Amalgamation of small unincorporated communities into a new or existing town or municipality will cause the individual communities to lose their unique identities.
“The Federation of Prince Edward Island Municipalities wants to make it easier for local communities to expand their boundaries, amalgamate with neighboring communities and to rationalize and make more efficient the provision of local services. Federation President Bruce MacDougall claims the status quo is not acceptable and something has to be done.
I am not so sure about that.
Municipal amalgamation is nothing new on Prince Edward Island.
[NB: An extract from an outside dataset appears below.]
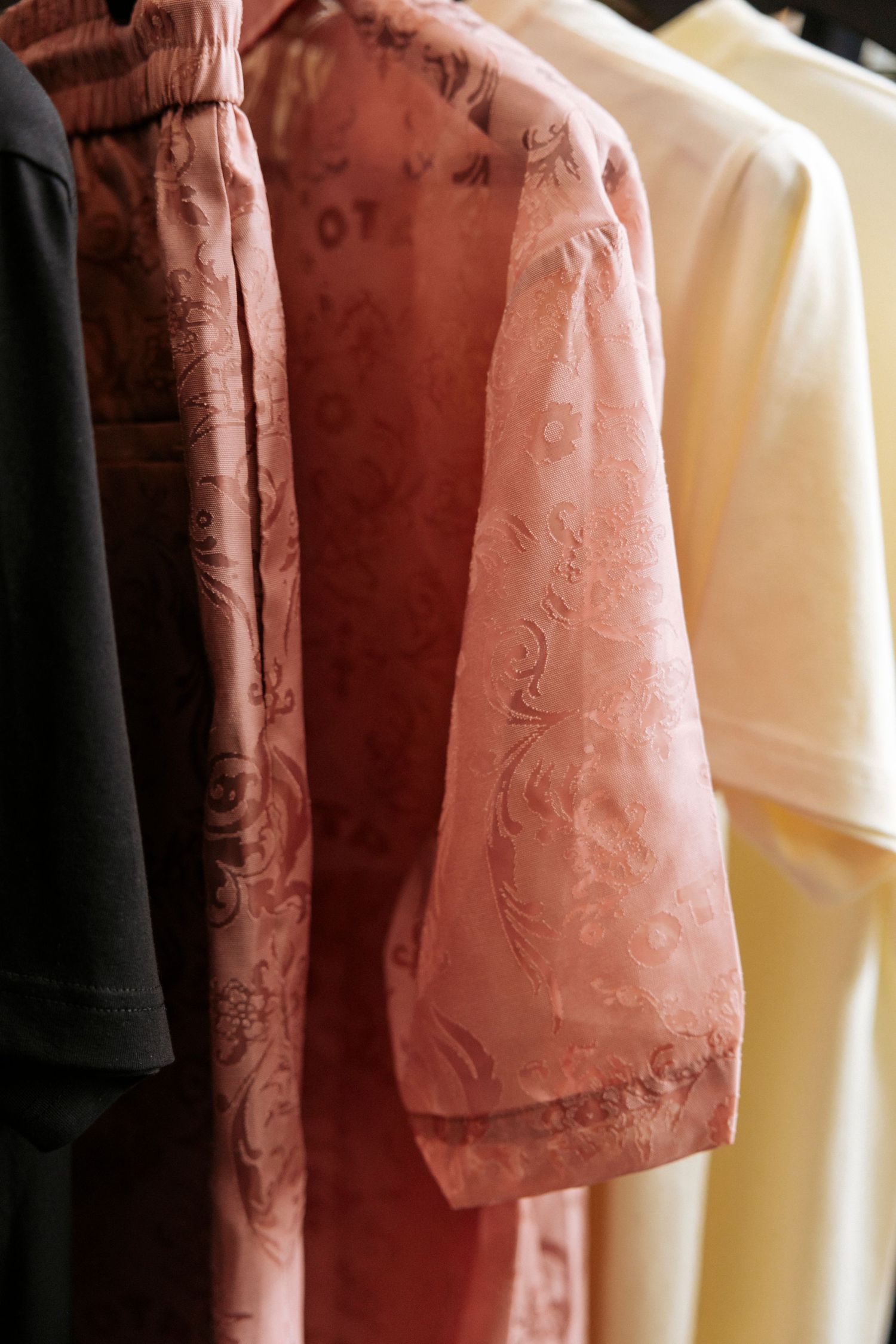 Close-up view of clothing hanging on a rack showing pink and white garments with delicate floral patterns.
In the mid 1990s both Charlottetown and Summerside expanded their municipal boundaries, taking in surrounding communities. Led by the provincial government of the day, it was a tumultuous and highly controversial change in municipal governance that has accorded greater power to the Island’s largest urban communities.
I vividly recall then Minister of Municipal Reform, Jeannie Lea, bravely walking into a raucous meeting in St. Eleanors, where residents of that old and proud community on the edges of Summerside were prepared to string her up.
Just so history is understood here, St. Eleanors was settled long before ‘Green’s Shore’ which later became Summerside, and it was the County Seat until the 1870s, with its courthouse, churches and merchants.
The apostles of municipal amalgamation will argue that local history and identity are just romantic and indulgent ideas and that bigger is always better.
Others look soberly at both our cities, the two guinea pigs of amalgamation, and see debt-ridden, over serviced communities, administered by self important elected municipal leaders.
In 2009, Premier Robert Ghiz tasked late former Justice Ralph Thompson to review provincial land use policies and local governance.
In his watershed report, Judge Thompson cautioned that prior to further municipal amalgamation, “Islanders will have to be convinced that changes will be fair, affordable, necessary, not unduly onerous and in the best interest of the Island as a whole.”
That’s a stiff litmus test.
Thompson then went on to recommend carving up the Island into 24 “sustainable” municipal units from west to east.
The Thompson Report ends with this warning: “We cannot afford to maintain the status quo in a world that is changing all around us.”
Clearly, Prince Edward Island must change in many respects to better its chances for economic and jurisdictional survival.
We need a new Island vision for the future, one built around quality education, respect for the land and entrepreneurship among other things.
We need a move away from the present industrial agricultural model and we desperately need greater environmental stewardship and more effective provincial land use policies.
We also need rural re-population and economic development.
But I am doubtful if wholesale municipal government reform can bring about any of this desired change.
The latest boundary expanding initiative proposes the amalgamation of Brudenell, Cardigan, Georgetown, Lorne Valley, Lower Montague, Montague, and Valleyfield, an amalgamation that advocates say will create the fourth largest municipality in the province and strengthen the rural political voice in eastern Prince Edward Island.
Such a proposed coming together of local communities with their own histories and identities, most of which presently do not share geographical boundaries, will be a hard sell. For its part, Montague has had second thoughts and is not participating in the venture.
In a small province such as ours, we can’t afford to lose local diversity and sense of place. Recasting boundaries and creating new communities in name and function destroys that local character and I believe takes us further down the road to jurisdictional unsustainability and irrelevance.
We cannot afford culturally to let our local communities disappear.
In my opinion, we need a more fundamental and comprehensive review of governance, one that goes well beyond municipal amalgamations and empire building.
How many springs does it really take to wind a watch?
Perhaps we should consider a political landscape that begins with a smaller Provincial Legislature, three county governments, two cities and precious little else.
There is a little book on my shelf that rings out a particular truth.
It is Alan Rayburn’s ‘Geographical Names of Prince Edward Island’, published in 1973, as the Island celebrated the 100th Anniversary of joining Confederation.
Moore’s Point? There are two of them. Campbell’s Creek, Toronto, Suffolk and Milburn. There are two of these as well. Elliotvale, Kingston, Red House, Donaldson and Southampton.
Can you close your eyes and locate them?
In a galaxy not that far away, an Island premier once sarcastically and dismissively remarked that Hunter River is just a way to get to Summerside, it doesn’t really matter in the larger scheme of things.
It’s that kind of thinking we need to guard against in our efforts to rationalize, consolidate, amalgamate and make everything bigger.”